My jokes
I miss my wife, Tails.
My friend's 4-year-old daughter made up this joke.
What kind of poo should you put in your hair?
Shampoo.
Girl, come here, my parents aren't home.
Orphan: Mine are never.
I like penis in my bum!
My great great grandfather killed Hitlerπ
Memes
Yo yo yo, Iβm a dinosaur, rawr! And my Snapchat is s4r1m-007 for more amazing jokes.
What's wrong with my friend?
He's called Dobby Coleman and has a massive jaw.
What do you call my dick?
A. A monster.
I was hitting my hand, and my mom asked me what I was doing. I said I'm beating my meat.
My grandfather said that I was too reliant on technology. I called him a hypocrite and cut him off life support.
My friend walked down the street and peed on a car.

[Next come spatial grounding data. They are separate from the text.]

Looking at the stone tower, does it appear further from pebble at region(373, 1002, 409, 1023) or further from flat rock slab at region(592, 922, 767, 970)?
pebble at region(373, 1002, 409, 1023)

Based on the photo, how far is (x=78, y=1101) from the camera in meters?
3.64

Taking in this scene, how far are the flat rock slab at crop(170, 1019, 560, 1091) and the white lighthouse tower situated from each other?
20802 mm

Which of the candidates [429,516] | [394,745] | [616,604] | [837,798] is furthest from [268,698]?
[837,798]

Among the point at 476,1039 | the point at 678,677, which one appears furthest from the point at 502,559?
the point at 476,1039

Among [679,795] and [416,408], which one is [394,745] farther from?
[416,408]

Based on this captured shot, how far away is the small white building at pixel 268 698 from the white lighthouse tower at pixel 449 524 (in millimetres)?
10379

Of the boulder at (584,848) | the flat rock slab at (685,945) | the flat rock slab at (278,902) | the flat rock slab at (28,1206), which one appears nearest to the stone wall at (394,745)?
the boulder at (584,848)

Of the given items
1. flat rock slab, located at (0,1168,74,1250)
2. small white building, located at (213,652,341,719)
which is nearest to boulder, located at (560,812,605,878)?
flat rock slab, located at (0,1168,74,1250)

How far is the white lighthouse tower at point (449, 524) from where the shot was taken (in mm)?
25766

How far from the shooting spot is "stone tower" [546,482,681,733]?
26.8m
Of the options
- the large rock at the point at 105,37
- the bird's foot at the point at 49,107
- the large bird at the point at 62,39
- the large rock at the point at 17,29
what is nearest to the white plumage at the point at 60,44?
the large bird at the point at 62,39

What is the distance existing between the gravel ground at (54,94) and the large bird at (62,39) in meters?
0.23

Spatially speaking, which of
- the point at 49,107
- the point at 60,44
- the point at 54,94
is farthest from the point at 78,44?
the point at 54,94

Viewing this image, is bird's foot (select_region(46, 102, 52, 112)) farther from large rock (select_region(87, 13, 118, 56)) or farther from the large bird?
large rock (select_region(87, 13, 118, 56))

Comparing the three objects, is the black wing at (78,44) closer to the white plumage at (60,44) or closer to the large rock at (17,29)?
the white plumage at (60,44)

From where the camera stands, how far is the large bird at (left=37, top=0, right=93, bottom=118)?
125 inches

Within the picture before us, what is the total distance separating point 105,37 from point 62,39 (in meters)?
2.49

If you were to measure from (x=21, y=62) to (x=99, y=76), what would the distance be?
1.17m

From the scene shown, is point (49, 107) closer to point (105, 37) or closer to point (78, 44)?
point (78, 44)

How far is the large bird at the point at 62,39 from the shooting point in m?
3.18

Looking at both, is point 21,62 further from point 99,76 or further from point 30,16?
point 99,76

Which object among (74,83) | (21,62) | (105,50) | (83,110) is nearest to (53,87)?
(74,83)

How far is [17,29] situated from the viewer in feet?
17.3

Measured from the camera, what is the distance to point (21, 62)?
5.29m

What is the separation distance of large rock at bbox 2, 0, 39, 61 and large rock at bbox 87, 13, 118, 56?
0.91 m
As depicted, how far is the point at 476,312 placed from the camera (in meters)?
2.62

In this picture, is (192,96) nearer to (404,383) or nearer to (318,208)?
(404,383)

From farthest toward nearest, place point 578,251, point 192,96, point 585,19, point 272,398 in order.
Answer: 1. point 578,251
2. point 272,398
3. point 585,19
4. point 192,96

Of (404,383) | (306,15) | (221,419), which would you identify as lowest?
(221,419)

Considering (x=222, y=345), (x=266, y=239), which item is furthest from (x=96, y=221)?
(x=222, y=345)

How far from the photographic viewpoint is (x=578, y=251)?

How many kids does it take to change a light bulb? Apparently not 343,646 because my basement is still as dark as yours.
Can a cook and clean for real? No, I do not want no rabbit hare in my house.
My name has "anus" in it.
I tried to dress hot so my boyfriend would cast some attention upon me, but it just made him sweat.
My teacher: Time can't count.
Me: Every second counts.
My teacher: Ooooooooooooooooooooooooooooohhhhhh!
Wanna hear a short joke? Well duh, I mean that's why you're on here... Well, here one...
My life.
Shoutout to gil44200ns for commenting on my post!
Stick your head up someone's butt. What do you get? A Butthead!
"Get your butt out of my face!"
"Then get your face out of my butt!!!"
If I was going to the doctor, he asked me to turn around, and he stuck a nettle in my ass.